With this drink, you get a richer, dessert-style beverage compared to the less sugary macchiato drink. The cost for this grande-size caramel brulée latte drink comes in at $5.75, also with varying added costs for customized additions. That's only 30 cents more than the caramel macchiato for the much more specialized brulée ingredients and procedure. 

Cold versions of the Starbucks caramel macchiato and caramel brulée latte

The Starbucks caramel macchiato and the caramel brulée latte do have something in common when it comes to changing the presentation from hot to cold. Both of the caramel-based showcase beverages are served hot and creamy in their original incarnations — but both are equally tasty when ordered cold. 

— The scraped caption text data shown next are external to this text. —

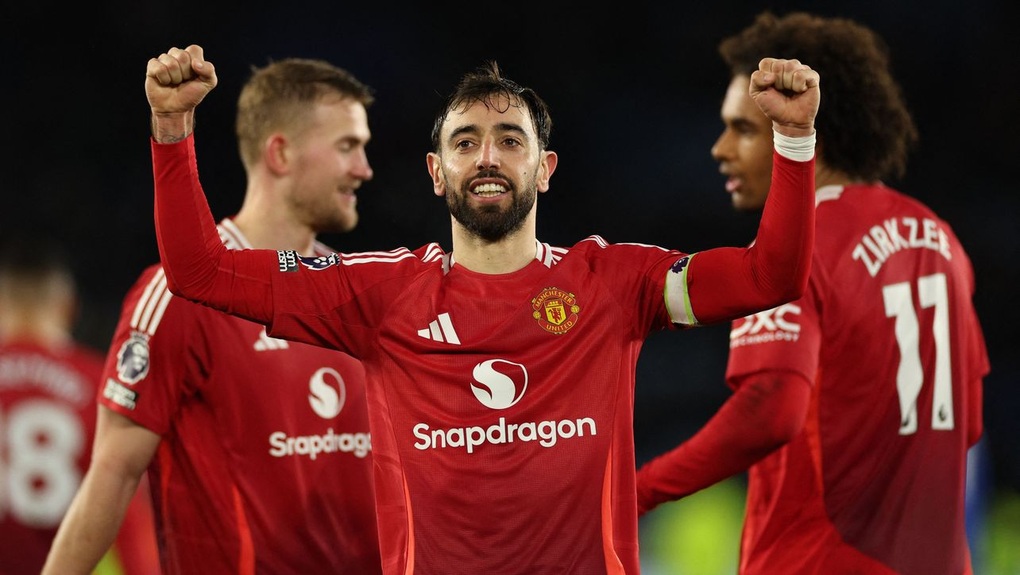Fernandes tiếp đà thăng hoa, Man Utd thắng đậm Leicester - 1 Fernandes tiếp đà thăng hoa, Man Utd thắng đậm Leicester - 1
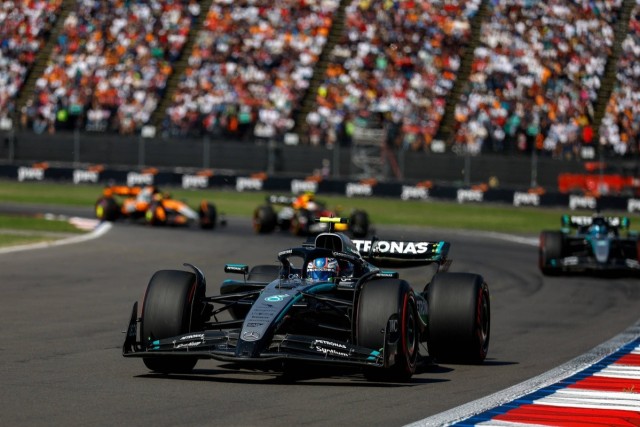  és  - Antonellit „meglepetésként érte” a Mercedes Mexikói Nagydíjon hozott döntése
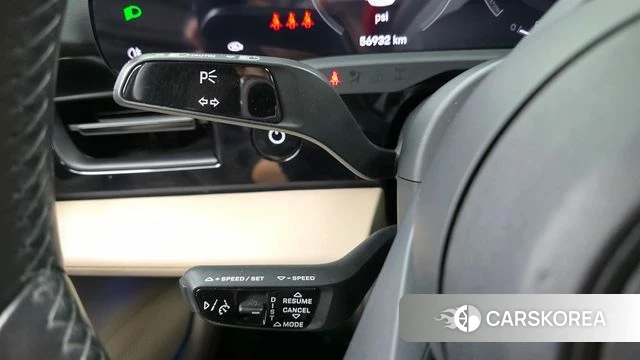 Porsche Taycan id 4985678 из Кореи 20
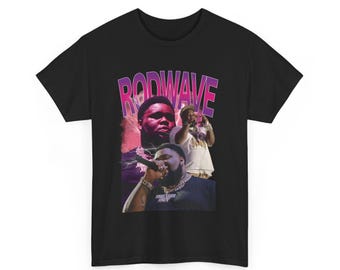 Könnte beinhalten: Schwarzes T-Shirt mit einer Grafik von Rod Wave und dem Text "RODWAVE" in Lila und Rosa. Das Design enthält drei Bilder des Künstlers. Das T-Shirt hat einen klassischen Rundhalsausschnitt.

An iced caramel macchiato in the 16-ounce size comes with exactly the same ingredients in the same quantities as its hot counterpart, which include the 2% milk, full-bodied signature espresso shots, vanilla-flavored milk, and caramel toppings. But it also gets an infusion of ice, which can be a smaller or greater amount, per request. Pretty much the same goes for the iced caramel brulée latte. The ingredient quantities are equal to its cold version, and it still gets the coveted caramel brulée sauce, whipped cream, and crunchy bits of brulée sprinkles. It stands out over the macchiato in that it's also available in a blended Frappuccino cold beverage. 

As for the cost of these iced versions compared to the hot beverages, both the iced caramel macchiato and the iced caramel brulée latte are priced just 20 cents higher than the original hot drinks. That puts them at $5.65 and $5.95, respectively. 

Starbucks' caramel brulée latte is a seasonal offering

The final difference between the two caramel Starbucks drinks is that, unlike the caramel macchiato, the caramel brulée latte is a seasonal drink. It generally returns annually at the beginning of November, along with other seasonal offerings such as the holiday red cups tradition, peppermint mochas, and chestnut praline lattes. That means you can't enjoy this drink year-round like you can the caramel macchiato. 

Many copycat recipes exist for Starbucks caramel brulée latte, but unfortunately, they don't include the inimitable Starbucks brand of caramel brulée sauce. That sauce was available for purchase through the company in 2016, and perhaps other years, in a kit that included a Christmas blend of espresso coffee. Starbucks Stories & News provided recipe suggestions for how to use it in at-home coffee brulée beverages, including a boozy caramel brulée cafe au lait, iced caramel brulée latte, and caramel brulée coffee shake. 

Though the caramel sauce and sprinkle bits are no longer sold by Starbucks, there's a sliver of hope for making a home version of the caramel brulée latte. It comes in the form of crème brûlée Starbucks K-cups for Keurig coffee machines. The cups state rich and custardy notes in ground Arabica coffee.